To do — From the line containing "Garagem/estacionamento · Casa" down to the final line of the entries below, return each line exactly and drop the pictures.

Source data —
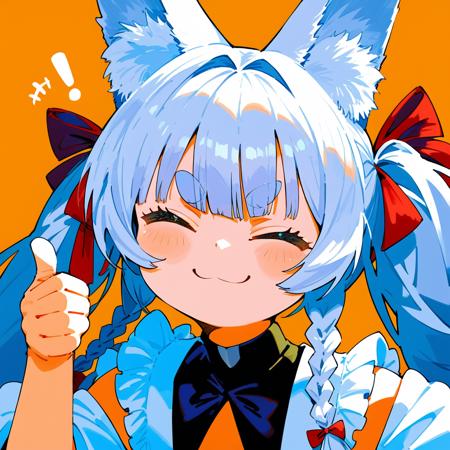 朝凪 / Asanagi 《碧蓝航线 / アズールレーン / Azur Lane》[HiKaRi]版本v1.0 (ID: 522404)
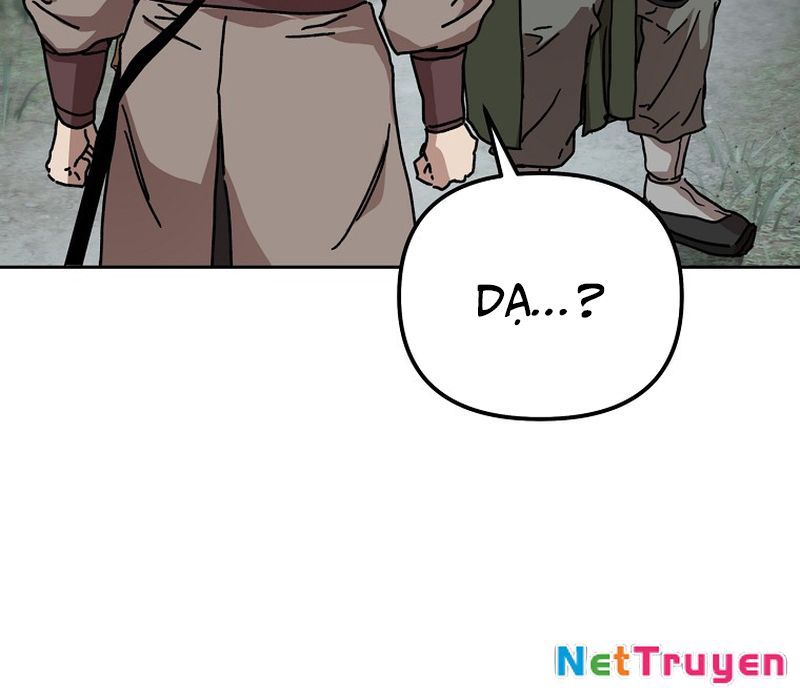 Phân Đà Lạc Dương Của Thiên Ma Thần Giáo Chapter 14 - Trang 2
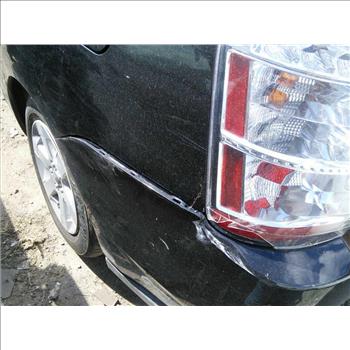 2007 Toyota Prius (Brooklyn, NY 11211)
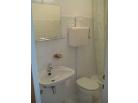 Brela_villa Garni Ivanac_ubytování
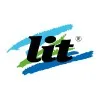 Logo L.I.T. Group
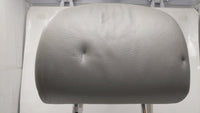 1999 Bmw 330ci Headrest Head Rest Front Driver Passenger Gray - Oemusedautoparts1.com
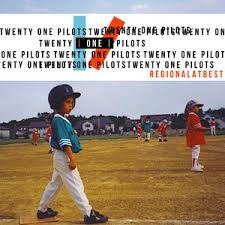 kitchen sink  twenty one pilots last.fm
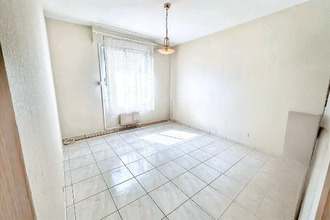 achat appartement beziers 34500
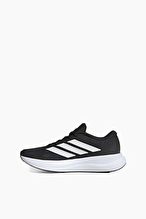 adidas Runfalcon 6 Kadın Ayakkabı IH9537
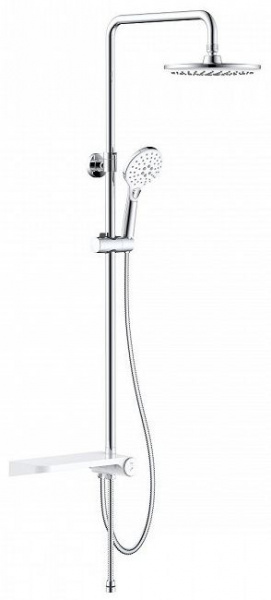 ������� ������ Iddis Ray RAYSW3Fi76 � ������� ������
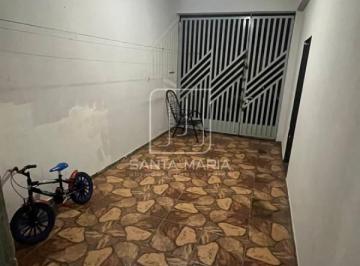 Garagem/estacionamento · Casa (sobrado na  rua) 6 dormitórios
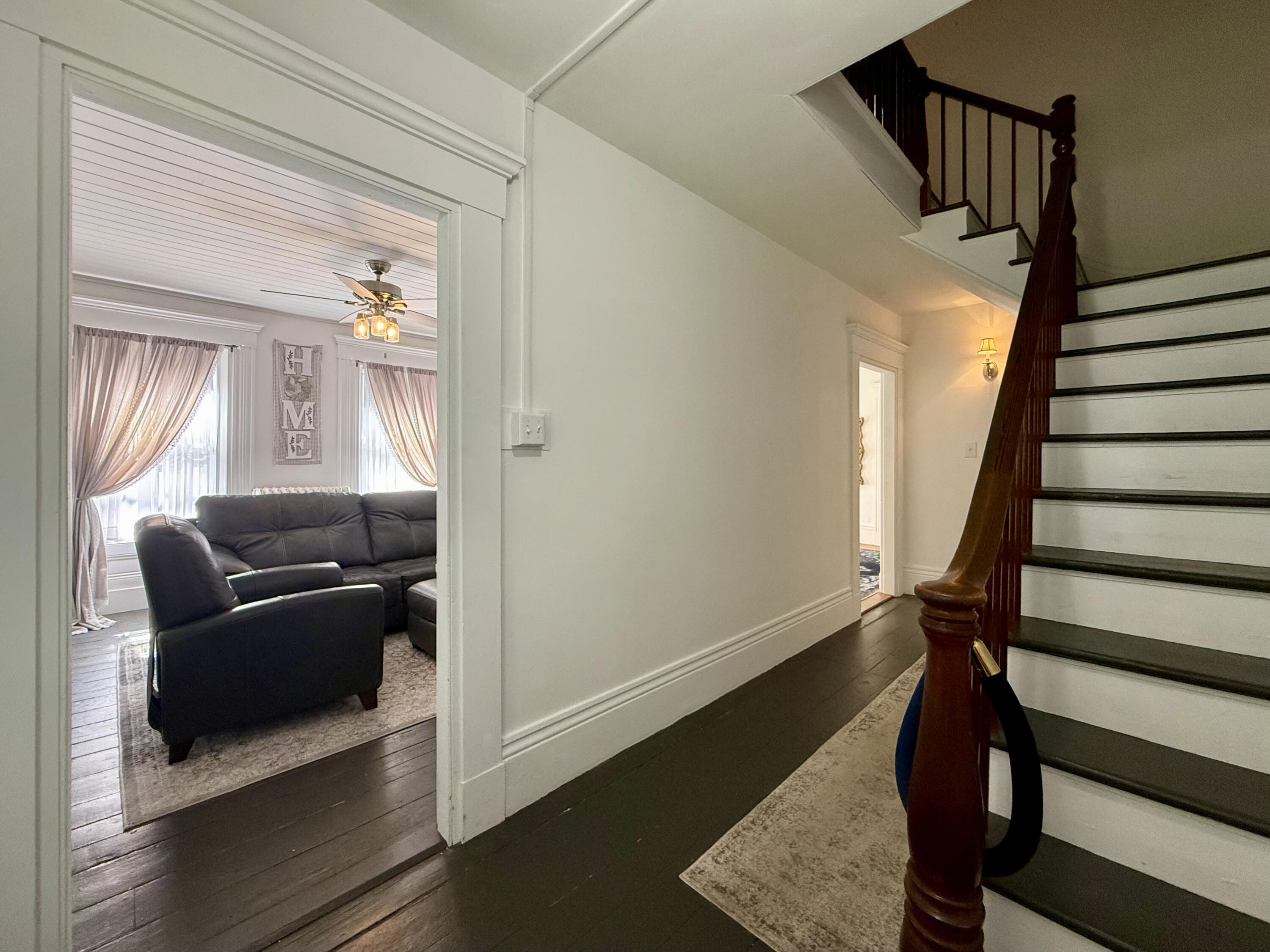51 High Street Property Photo 24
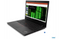 Lenovo ThinkPad L14 - 14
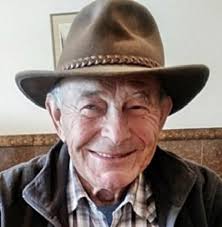 Caledonia Memorial Page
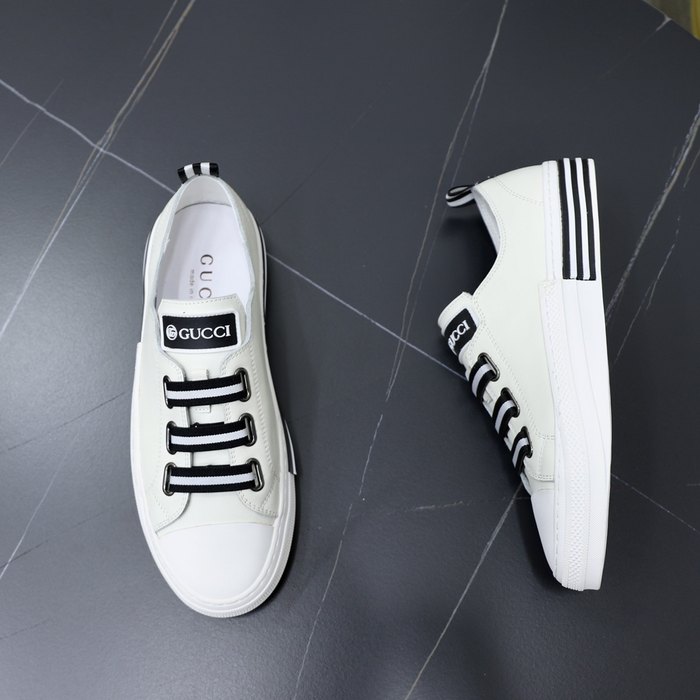 Gucci_Men_shoes_yupoo_Original_quality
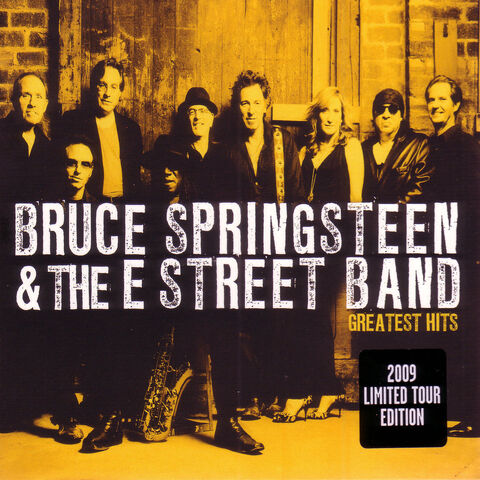 File:Greatest Hits 2009 Tour Edition.jpg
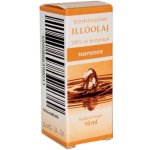 Neuston éterický olej Pomeranč 10 ml – Hledejceny.cz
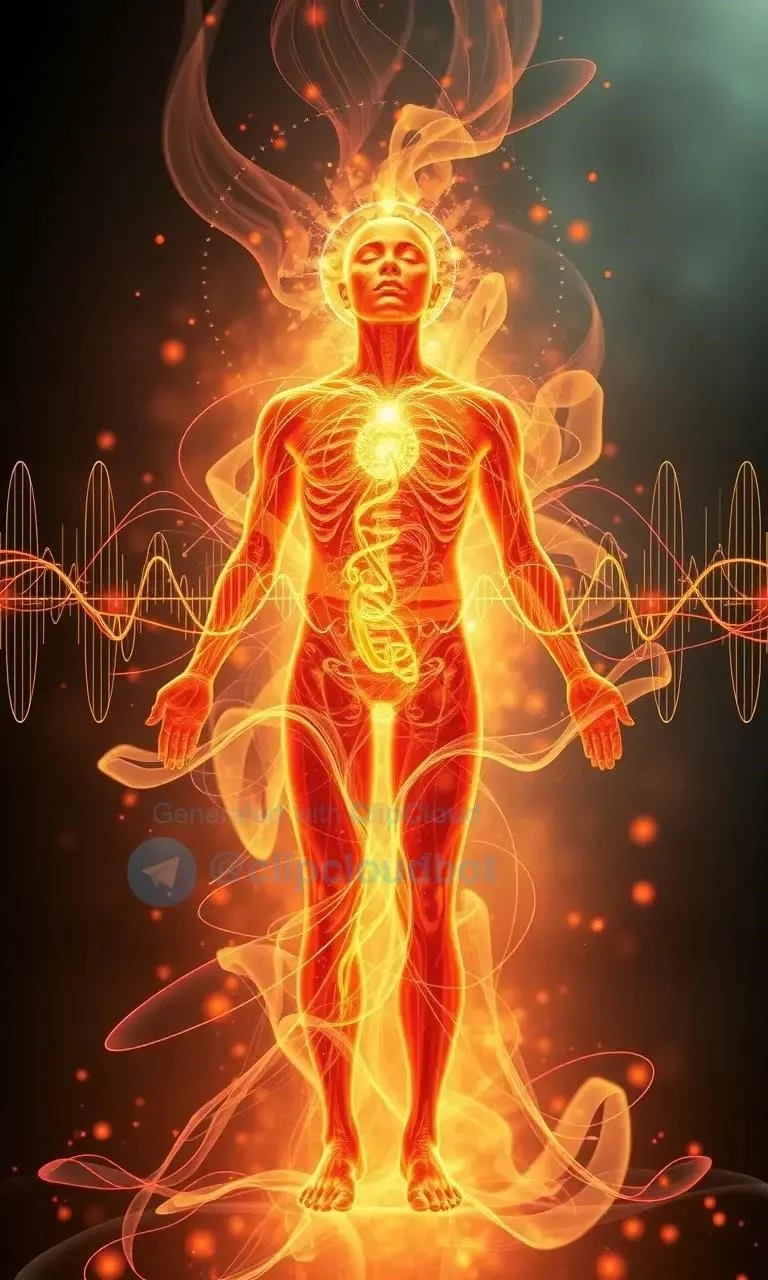Bio-Acoustic Healing: An Overview
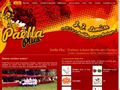 Paella Plus (Saint Martin des Champs 29)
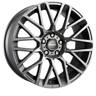 FELGI MOMO REVENGE 7x17 5x115 ET42 ANT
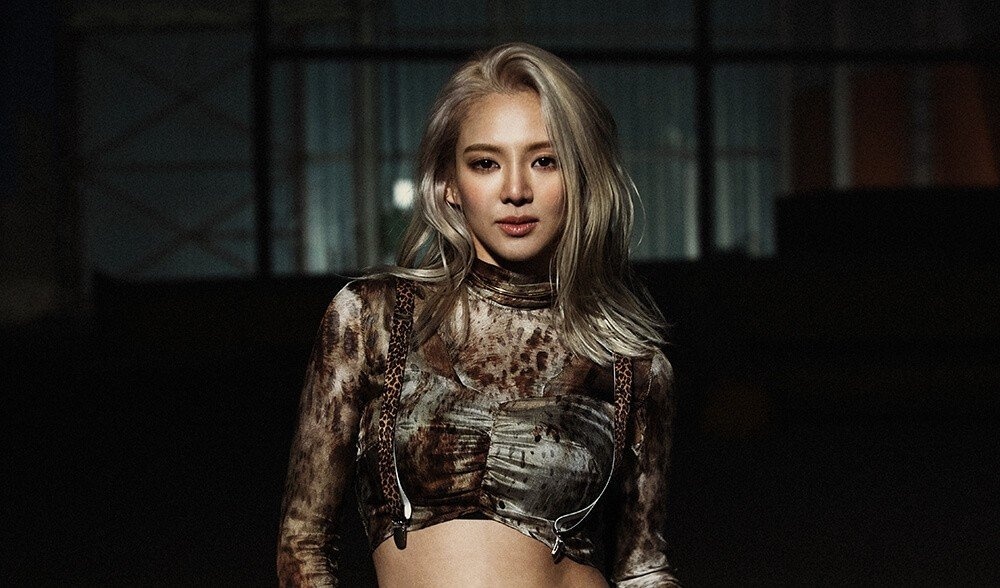 hyo yeon snsd phan no vi bi gat ra ria nhom anh 1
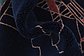 5' 7 x 8' 5 Nepal Rug thumbnail image 10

Answer area —
 Garagem/estacionamento · Casa (sobrado na  rua) 6 dormitórios
51 High Street Property Photo 24
 Lenovo ThinkPad L14 - 14
 Caledonia Memorial Page
 Gucci_Men_shoes_yupoo_Original_quality
 File:Greatest Hits 2009 Tour Edition.jpg
 Neuston éterický olej Pomeranč 10 ml – Hledejceny.cz
Bio-Acoustic Healing: An Overview
 Paella Plus (Saint Martin des Champs 29)
 FELGI MOMO REVENGE 7x17 5x115 ET42 ANT
 hyo yeon snsd phan no vi bi gat ra ria nhom anh 1
 5' 7 x 8' 5 Nepal Rug thumbnail image 10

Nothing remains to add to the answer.